Thursday, December 4th, 2008
Cedar Lee asked:


When I refer to “art” here, I am referring specifically to visual art, and more specifically to painting because that’s what I do. But I’m sure it applies to other forms of art as well.

Art can have very concrete, literal meaning to it—the more representational a work of art is, the easier it is to attribute a meaning to it. Everyone understands realistic representations of things from real life—for example, paintings of trees—when looking at one, you can say, “It’s a painting of trees, and trees are lovely to look at—that’s the obvious purpose of this art; no mystery there.”



This is why purely abstract art tends to appeal to a smaller audience. It is common to want to know what you are looking at so you can place a literal meaning on it. But art, even art that is fairly straightforward in its subject matter, has a larger and deeper meaning that goes beyond the literal.

This larger and deeper meaning is not intellectual in nature—it is emotional. All you need in order to “get” art is to look at it and become fascinated, motivated, influenced, impressed, inspired, or otherwise stimulated by it. All you need is to feel a connection to the art.



Most people do feel a connection when looking at art (not all art, of course, but the art that particularly appeals to them personally.) Putting this feeling into words can sometimes be difficult, but just because you can’t always explain it in concrete terms does not mean it’s not real or important, and it does not mean you are missing anything. If you look at a piece of art and feel nothing, all it means is that particular piece of art is not meant for you. If you look at enough art, you will learn what you like and what has the most meaning for you.



The artist has the job of living, feeling, and processing her unique experience and then finding a way to express that to others. The viewer may or may not get the same feelings that the artist meant to express—and that is okay. One of the fun things about art is how different people interpret it differently. Art is the physical manifestation of a mysterious human force: imagination. If it sparks your imagination or puts you in a certain mood, then you “get it.”

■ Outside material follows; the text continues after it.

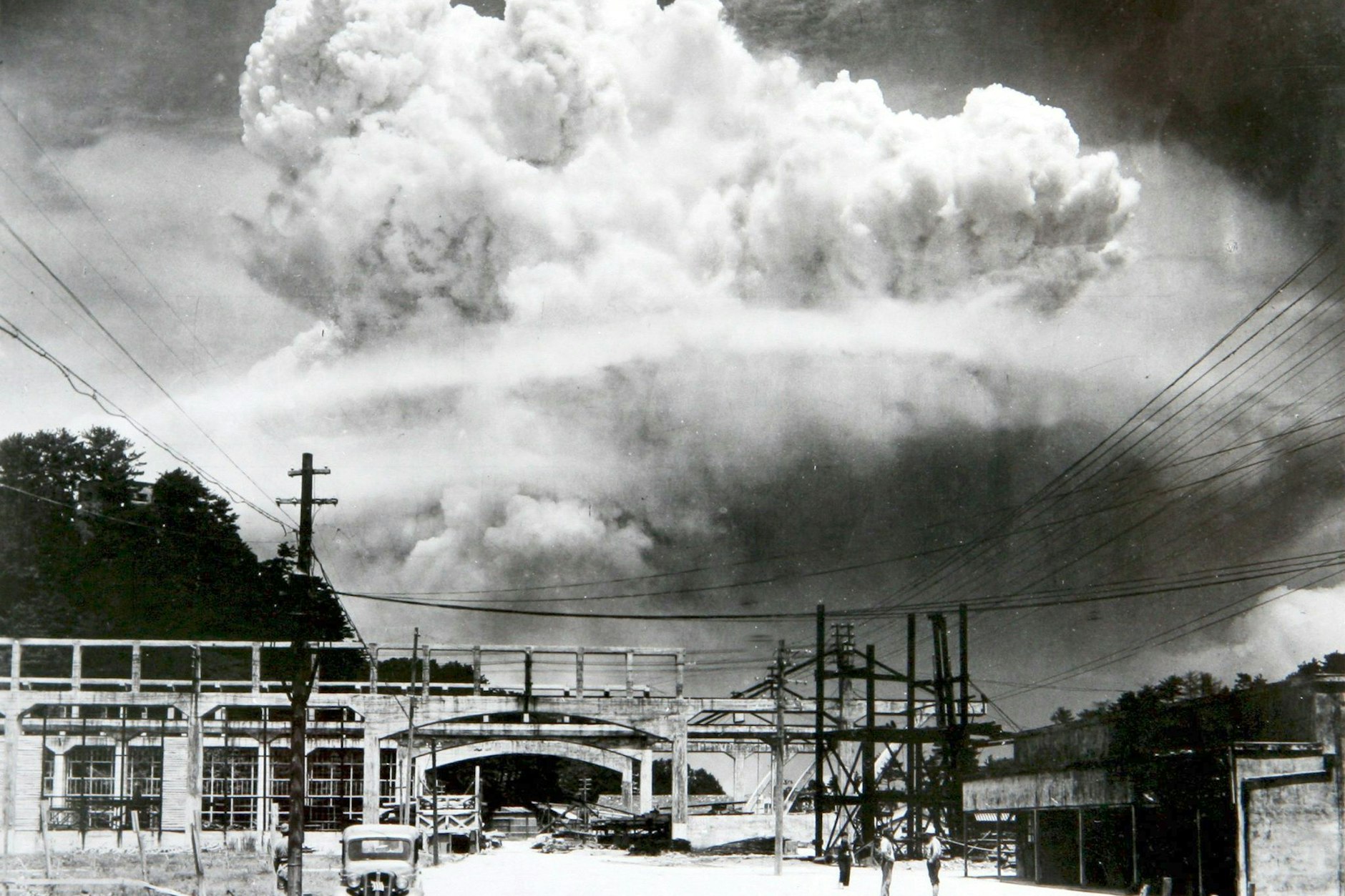 Eine pilzförmige Rauchsäule steigt nach der Explosion der Atombombe „Fat man“ in den Himmel über der japanischen Stadt Nagasaki. Drei Tage zuvor hatten die USA bereits Hiroshima durch eine Atombombe mit geringerer Sprengkraft verwüstet.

And that’s nice…But how does all of this apply to real life? What is the point of art—what is its use? Well here’s where choice comes in. Once you look at enough art to realize what you like, what you connect to, you get to make the choice to surround yourself with those things that inspire you and help you in your life.



The trick is to figure out what you really, really love—when you find it you will know. If you realize that a certain shade of red makes you happy and energized, making the conscious choice to put something of that color in your living room so you see it every day will, in theory, make you a more happy and energized person. When your spirit feels heavy and sad, art can help lift you out of that. When you feel bogged down by apathy or lost in painful frustration, looking at art can bring you back to yourself and help you keep going. Deliberately creating a mood in your immediate surroundings can help you to create the life that you want, in a very tangible way.



This interpretation of art’s meaning is obviously the result of my optimistic, existential outlook on life. I try to apply my energy—mental, emotional, physical and spiritual, towards personal transformation and growth.

But art has a myriad of uses: it is used as a tool for psychological healing, a symbol in spiritual rituals, an impetus for political or social change, an expression of inquiry, a form of entertainment, evidence of status or identity, a reminder of what’s important, and most commonly, a simple celebration of beauty.

You can decide what meaning art may have in your own life. It’s up to you! So, what does art mean to you? How will you choose to use it?